THE DATA below:

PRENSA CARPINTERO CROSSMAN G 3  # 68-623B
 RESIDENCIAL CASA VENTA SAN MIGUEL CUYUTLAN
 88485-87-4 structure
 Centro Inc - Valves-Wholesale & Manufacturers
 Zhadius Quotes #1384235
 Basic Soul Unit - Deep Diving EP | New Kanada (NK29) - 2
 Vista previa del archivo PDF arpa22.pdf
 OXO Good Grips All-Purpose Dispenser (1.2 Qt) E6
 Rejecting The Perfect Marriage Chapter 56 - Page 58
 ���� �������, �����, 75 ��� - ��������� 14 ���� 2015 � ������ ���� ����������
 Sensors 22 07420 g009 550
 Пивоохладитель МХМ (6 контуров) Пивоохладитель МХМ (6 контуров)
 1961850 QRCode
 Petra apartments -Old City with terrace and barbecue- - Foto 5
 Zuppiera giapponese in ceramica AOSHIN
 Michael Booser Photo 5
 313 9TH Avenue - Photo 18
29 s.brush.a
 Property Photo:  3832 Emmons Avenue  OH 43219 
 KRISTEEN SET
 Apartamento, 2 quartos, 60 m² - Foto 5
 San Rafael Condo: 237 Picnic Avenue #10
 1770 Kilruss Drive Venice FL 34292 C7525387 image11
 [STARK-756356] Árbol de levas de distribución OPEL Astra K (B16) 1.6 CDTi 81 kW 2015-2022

End of THE DATA.

YOUR INSTRUCTIONS ▸ Your task is to write out, exactly, the line that holds "Petra apartments -Old" and every line after it until the records end.

ANSWER SECTION ▸
 Petra apartments -Old City with terrace and barbecue- - Foto 5
 Zuppiera giapponese in ceramica AOSHIN
 Michael Booser Photo 5
 313 9TH Avenue - Photo 18
29 s.brush.a
 Property Photo:  3832 Emmons Avenue  OH 43219 
 KRISTEEN SET
 Apartamento, 2 quartos, 60 m² - Foto 5
 San Rafael Condo: 237 Picnic Avenue #10
 1770 Kilruss Drive Venice FL 34292 C7525387 image11
 [STARK-756356] Árbol de levas de distribución OPEL Astra K (B16) 1.6 CDTi 81 kW 2015-2022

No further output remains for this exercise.